Pour les partisans du projet, il s’agit également d’un signal de confiance internationale dans l’économie dominicaine.

Les craintes sécuritaires et la « problématique haïtienne »

L’aspect le plus controversé, particulièrement dans les discussions mentionnant Haïti, concerne les liens de Viettel avec l’État vietnamien.

L’entreprise est une division du ministère vietnamien de la Défense. Son PDG possède le grade de lieutenant-général, ce qui soulève des interrogations relatives à la souveraineté numérique, à la protection des données et à la cybersécurité.

Sur X, des utilisateurs comme @EuricSanti rappellent que Viettel n’opère en Amérique qu’en Haïti (via Natcom) et au Pérou, avertissant qu’« une entreprise du ministère de la Défense vietnamien aura accès à nos télécoms ».

Des comparaisons sont également faites avec Mytel au Myanmar, entreprise sanctionnée par les États-Unis pour son rôle présumé dans des activités de surveillance.

La présence de Viettel en Haïti à travers Natcom amplifie ces inquiétudes. Plusieurs publications et vidéos YouTube, notamment celles de ZOL FM, soulignent que Viettel contrôle, via Natcom, une part importante des télécommunications haïtiennes, en tant que deuxième opérateur mobile et leader des infrastructures de fibre optique.

Certaines voix dominicaines craignent un « accès croisé » aux données des deux côtés de la frontière, dans un contexte marqué par les tensions bilatérales persistantes liées à la migration, à la sécurité frontalière et à l’instabilité en Haïti.

Des publications haïtiennes ou binationale, comme celles de Rezo Nòdwès, relaient l’annonce sans ton alarmiste. Toutefois, du côté dominicain, plusieurs commentaires évoquent un risque pour la sécurité nationale : surveillance potentielle, interférences ou utilisation des réseaux à des fins non commerciales.

Des internautes s’interrogent : « Une entreprise militaire étrangère opérant des deux côtés de la frontière ? » D’autres alertent sur la confidentialité des données personnelles.

Certaines critiques visent également l’INDOTEL et le gouvernement, accusés d’avoir communiqué de manière excessivement favorable avant même la conclusion de l’appel d’offres, ce qui est perçu par certains comme une forme de favoritisme.

Des personnalités telles que Roselvis Vargas et Rosendo Tavárez remettent ainsi en question la neutralité du régulateur.

Autres dimensions des débats

Les discussions abordent également des préoccupations plus larges :

  • Confidentialité des données : que fera Viettel des données des utilisateurs ?
  • Géopolitique : craintes liées à une influence étrangère ou à des liens supposés avec la Chine, malgré l’origine vietnamienne de l’entreprise.
  • Comparaisons historiques : nostalgie de l’époque de Codetel, perçue comme une entreprise plus proche des intérêts nationaux.

À l’inverse, certains minimisent ces risques en rappelant que tous les opérateurs étrangers sont soumis à la réglementation nationale et que Viettel a déjà démontré sa capacité à opérer dans des environnements difficiles.

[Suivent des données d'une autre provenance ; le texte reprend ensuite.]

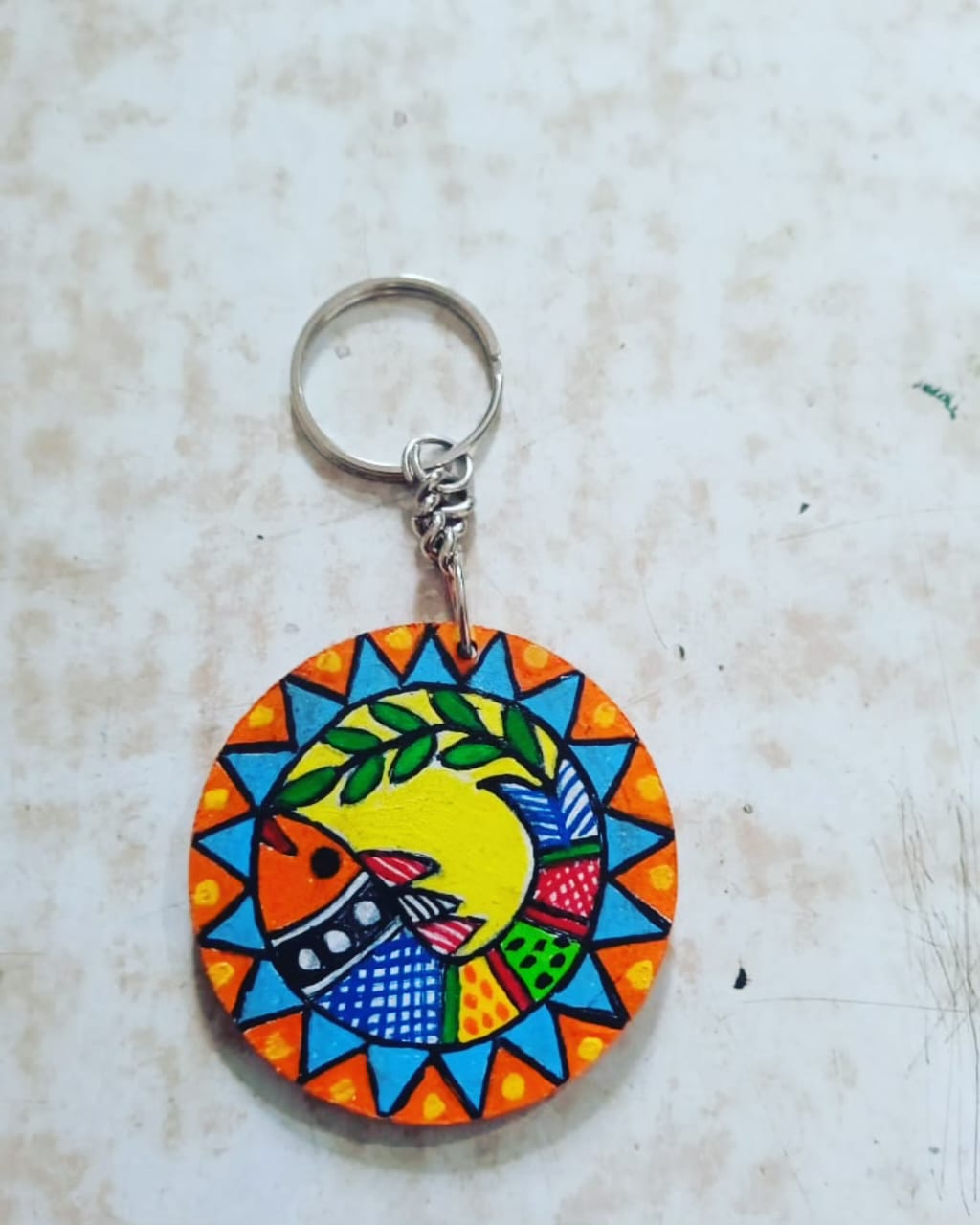 Madhubani painting key ring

Ils citent notamment son intervention en Haïti après le séisme, où l’entreprise a déployé plusieurs milliers de kilomètres de fibre optique. Pour eux, l’arrivée de Viettel représente une opportunité de modernisation du secteur.

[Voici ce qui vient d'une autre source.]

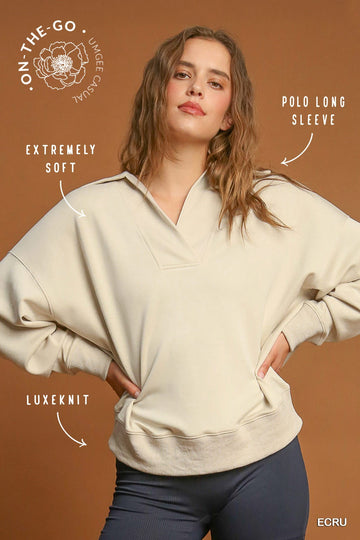 Luxeknit Collared Pullover Top in Ecru (PLUS)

Synthèse des débats sur les réseaux sociaux

Les réseaux sociaux reflètent une société dominicaine divisée entre optimistes économiques et prudents sécuritaires.

Les débats haïtiano-dominicains occupent une place particulière, car la présence simultanée de Viettel/Natcom des deux côtés de l’île ravive des préoccupations liées à la porosité de la frontière, aux flux migratoires et à la stabilité régionale.

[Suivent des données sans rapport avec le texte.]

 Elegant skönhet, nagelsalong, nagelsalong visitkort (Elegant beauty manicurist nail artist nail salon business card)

Peu de voix haïtiennes dominent les discussions dominicaines. Toutefois, la référence à Natcom est fréquemment utilisée comme argument pour souligner les risques potentiels.

Au final, l’entrée de Viettel sur le marché dominicain dépendra de l’issue de l’appel d’offres ainsi que des garanties apportées par l’entreprise et les autorités de régulation.

Les consommateurs espèrent une baisse des tarifs et une amélioration des services, tandis que les sceptiques réclament davantage de garanties en matière de cybersécurité, de protection des données et de souveraineté numérique.

Ces débats, souvent intenses et polarisés, illustrent les tensions entre attractivité économique et préservation des intérêts nationaux dans un contexte régional particulièrement sensible.